Did you consider different ideas or directions for this cover? Why were these rejected? Do you have a favorite amongst them? Are you happy with the final decision as it ran?
Attached here are three of the other photo concepts that lost out to the final cover. The typesetting on these photos would probably have been similar to the type seen on the final cover.
(1) The poop in the whipped-cream-on-poop photo is actually fake poop made from chunky peanut butter and Fox's U-bet chocolate syrup. I tasted it after the shoot, and it wasn't too bad. A few weeks after this photo failed to make the cut for the Vintage cover, I pitched it as the cover image for the "American Food" issue of our quarterly food magazine, Lucky Peach.
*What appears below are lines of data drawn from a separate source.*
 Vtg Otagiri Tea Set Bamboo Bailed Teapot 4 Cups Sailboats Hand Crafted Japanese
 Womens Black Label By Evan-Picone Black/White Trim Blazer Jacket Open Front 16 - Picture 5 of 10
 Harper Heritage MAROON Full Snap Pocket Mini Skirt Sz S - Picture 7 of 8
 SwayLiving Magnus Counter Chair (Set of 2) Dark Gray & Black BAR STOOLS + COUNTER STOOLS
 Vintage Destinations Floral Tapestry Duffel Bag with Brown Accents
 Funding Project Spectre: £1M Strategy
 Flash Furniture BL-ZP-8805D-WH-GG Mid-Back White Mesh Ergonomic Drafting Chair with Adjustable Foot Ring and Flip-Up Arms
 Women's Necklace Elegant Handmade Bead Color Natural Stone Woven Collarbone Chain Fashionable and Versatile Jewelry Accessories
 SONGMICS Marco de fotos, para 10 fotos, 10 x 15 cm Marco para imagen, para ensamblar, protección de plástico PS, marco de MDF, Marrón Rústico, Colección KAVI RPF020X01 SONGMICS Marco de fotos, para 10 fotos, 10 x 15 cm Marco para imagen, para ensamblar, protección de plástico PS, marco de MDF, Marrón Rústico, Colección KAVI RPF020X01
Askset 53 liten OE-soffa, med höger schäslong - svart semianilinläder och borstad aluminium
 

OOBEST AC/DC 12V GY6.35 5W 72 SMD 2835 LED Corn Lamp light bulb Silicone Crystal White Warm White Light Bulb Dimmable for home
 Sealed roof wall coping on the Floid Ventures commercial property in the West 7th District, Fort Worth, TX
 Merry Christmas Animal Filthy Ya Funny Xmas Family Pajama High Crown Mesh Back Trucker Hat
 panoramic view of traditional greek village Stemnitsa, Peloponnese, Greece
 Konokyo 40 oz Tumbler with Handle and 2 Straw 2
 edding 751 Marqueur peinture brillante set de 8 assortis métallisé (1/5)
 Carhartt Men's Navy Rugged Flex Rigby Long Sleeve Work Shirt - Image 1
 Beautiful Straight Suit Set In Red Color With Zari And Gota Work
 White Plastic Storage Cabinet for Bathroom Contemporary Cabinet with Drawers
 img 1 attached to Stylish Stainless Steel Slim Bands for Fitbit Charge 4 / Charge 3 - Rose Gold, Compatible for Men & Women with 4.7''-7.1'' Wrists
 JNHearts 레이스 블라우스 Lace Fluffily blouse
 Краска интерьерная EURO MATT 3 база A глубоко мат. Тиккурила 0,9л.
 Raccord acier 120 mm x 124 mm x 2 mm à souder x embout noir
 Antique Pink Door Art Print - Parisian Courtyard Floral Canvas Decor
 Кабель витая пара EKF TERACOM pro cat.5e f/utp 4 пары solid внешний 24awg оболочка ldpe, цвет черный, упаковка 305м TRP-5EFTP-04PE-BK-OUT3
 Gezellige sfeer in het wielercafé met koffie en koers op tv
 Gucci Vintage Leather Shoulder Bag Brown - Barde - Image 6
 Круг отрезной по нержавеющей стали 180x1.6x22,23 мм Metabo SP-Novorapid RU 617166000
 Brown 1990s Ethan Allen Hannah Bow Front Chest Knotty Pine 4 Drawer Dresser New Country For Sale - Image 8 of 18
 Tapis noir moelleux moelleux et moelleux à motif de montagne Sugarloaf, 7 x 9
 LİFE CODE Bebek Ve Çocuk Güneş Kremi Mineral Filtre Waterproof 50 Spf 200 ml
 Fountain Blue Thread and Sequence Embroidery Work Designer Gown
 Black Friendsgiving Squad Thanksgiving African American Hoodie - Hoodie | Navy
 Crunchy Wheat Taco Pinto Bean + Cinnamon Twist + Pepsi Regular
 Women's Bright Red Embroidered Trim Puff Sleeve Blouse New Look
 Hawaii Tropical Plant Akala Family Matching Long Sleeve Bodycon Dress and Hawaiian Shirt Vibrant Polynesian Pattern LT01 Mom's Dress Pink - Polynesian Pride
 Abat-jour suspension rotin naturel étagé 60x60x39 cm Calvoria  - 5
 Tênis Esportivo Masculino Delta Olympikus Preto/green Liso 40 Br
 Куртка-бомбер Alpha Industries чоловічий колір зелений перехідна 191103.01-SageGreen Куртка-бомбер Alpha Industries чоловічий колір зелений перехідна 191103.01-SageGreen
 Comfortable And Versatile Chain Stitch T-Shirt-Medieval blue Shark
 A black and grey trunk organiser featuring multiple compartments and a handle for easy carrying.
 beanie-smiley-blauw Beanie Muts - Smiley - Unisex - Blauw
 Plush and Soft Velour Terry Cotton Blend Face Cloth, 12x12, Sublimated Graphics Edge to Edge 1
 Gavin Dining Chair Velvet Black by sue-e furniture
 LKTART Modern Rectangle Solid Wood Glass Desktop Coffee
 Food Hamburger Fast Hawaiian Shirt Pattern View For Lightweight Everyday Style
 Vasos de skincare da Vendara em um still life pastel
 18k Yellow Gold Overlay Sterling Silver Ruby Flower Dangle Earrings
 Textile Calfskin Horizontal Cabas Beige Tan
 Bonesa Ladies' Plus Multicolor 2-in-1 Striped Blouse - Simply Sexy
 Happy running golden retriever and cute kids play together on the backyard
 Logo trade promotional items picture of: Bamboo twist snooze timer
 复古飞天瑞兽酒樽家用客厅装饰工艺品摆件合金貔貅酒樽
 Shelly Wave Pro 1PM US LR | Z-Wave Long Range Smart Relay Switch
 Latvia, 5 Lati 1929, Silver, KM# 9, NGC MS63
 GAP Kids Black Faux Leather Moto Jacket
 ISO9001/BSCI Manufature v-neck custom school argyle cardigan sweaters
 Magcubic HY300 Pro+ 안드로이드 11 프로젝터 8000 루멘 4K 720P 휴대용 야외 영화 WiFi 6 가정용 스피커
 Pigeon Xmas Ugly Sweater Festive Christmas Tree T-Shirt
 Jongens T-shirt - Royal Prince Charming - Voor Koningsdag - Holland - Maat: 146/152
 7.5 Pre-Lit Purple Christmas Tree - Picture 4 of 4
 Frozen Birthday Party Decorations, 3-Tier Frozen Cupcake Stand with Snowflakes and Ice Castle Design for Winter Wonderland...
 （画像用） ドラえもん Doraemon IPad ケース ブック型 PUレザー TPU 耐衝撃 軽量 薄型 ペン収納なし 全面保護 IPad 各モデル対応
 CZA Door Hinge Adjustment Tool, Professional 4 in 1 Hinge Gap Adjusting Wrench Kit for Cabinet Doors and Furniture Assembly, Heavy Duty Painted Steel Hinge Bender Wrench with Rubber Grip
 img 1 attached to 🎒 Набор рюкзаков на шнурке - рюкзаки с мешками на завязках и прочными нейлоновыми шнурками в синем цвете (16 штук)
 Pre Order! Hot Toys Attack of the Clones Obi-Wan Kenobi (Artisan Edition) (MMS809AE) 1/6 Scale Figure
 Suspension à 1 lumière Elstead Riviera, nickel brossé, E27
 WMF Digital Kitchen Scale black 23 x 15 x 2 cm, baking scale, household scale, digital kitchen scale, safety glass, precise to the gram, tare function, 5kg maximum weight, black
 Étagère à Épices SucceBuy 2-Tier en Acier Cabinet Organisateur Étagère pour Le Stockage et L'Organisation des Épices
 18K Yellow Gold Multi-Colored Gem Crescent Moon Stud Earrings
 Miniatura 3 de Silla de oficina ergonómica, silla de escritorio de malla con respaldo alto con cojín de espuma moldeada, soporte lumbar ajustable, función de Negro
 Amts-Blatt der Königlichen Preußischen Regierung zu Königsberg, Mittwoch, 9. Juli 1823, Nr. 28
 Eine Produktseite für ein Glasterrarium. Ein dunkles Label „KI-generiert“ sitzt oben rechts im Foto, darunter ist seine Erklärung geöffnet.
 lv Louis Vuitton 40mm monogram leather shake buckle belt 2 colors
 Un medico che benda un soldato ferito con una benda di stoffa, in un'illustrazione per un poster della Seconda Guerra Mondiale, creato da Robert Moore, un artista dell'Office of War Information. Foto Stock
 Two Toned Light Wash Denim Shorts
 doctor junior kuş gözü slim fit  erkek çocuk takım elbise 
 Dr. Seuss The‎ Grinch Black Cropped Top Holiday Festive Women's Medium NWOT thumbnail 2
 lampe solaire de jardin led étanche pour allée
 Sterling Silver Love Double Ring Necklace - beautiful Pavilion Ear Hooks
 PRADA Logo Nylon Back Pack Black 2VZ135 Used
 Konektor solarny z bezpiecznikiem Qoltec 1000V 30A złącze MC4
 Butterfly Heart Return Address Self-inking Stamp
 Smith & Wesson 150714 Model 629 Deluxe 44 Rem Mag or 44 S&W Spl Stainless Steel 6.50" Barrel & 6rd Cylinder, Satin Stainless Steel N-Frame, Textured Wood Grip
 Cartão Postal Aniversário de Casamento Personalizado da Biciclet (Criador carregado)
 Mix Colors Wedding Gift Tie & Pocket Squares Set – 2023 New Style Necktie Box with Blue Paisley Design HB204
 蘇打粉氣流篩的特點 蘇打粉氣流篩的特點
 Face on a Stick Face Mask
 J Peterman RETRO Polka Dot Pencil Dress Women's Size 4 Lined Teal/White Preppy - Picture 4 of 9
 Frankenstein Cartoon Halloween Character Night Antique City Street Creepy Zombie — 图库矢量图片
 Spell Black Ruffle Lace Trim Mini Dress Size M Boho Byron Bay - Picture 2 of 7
Alas, the photo was deemed "too poopy" for the cover of a food magazine. Lucky Peach #4 has just hit the stands with a less-disgusting, more-appropriate cover image.
(2)The crying-baby photo stars my younger son. The idea was to have a baby wearing an American-flag cape crying inconsolably -- perhaps about his prospects as an adult American of the future. We didn't pinch him or anything like that to make him cry. We just dressed him that way, and waited. When he started crying we quickly shot the photo and moved on to the next idea.
(3) The photo with the huge axe and the Valentine's Day candy heart is eye-catching, but it lacks the sweetness of the final cover. The axe would have made the book look too sinister too fast, probably. I still like the downtrodden stance, though. This figure has so much love, and wrath, to give. Poor guy -- doesn't anybody appreciate him anymore?
(4) Here is the final cover:
What is the most important element of a successful book cover?
A successful book cover intrigues and charms potential readers into becoming actual readers. It also strives to honor and please the book's author or authors. If everyone loves a book's cover design except the author, then whoops -- that cover is a failure.
What are some of your favorite book covers?
- One of my favorite hobbies is browsing eBay for high-school yearbooks published between about 1930 and 1992. Some of the strangest, most passionate illustrations and designs in the world are found on these covers.
- Jonathan Barnbrook's cover, layout, and type design for Damien Hirst's monograph "I Want to Spend the Rest of My Life Everywhere, with Everyone, One to One, Always, Forever, Now." This book helped grow my understanding of how a thoughtful designer can take a decent project and make it unforgettable.
- Not a book, but Richard Turley & Jennifer Daniel & co's cover and overall designs for Bloomberg Businessweek are some of the best design stuff in print today. Everyone who's interested in design would do themselves a favor to subscribe.
- The Designers Republic cover for Emigre #29.
- David Shrigley's cover for his book of drawings "To Make Meringue, You Must Beat the Egg Whites Until They Look Like This."
- Daniel Clowes's covers for "Eightball." Especially #4, where the guy is saying “Welcome to my house of dreams.”
- Jason Fulford's cover for his photo book "Raising Frogs for $$$" is, to me, perfect.
- My McSweeney's colleague Walter Green is an amazing designer full of great ideas. Some of the best covers of the 21st century will be designed by Walter Green.
- I could keep going forever. I've been lucky in my career to work with Rick Valicenti and Sina Najafi and Chester Jenkins and Dave Eggers. All four offered me design chances at a young age and pushed me to do better work than I could have done by myself.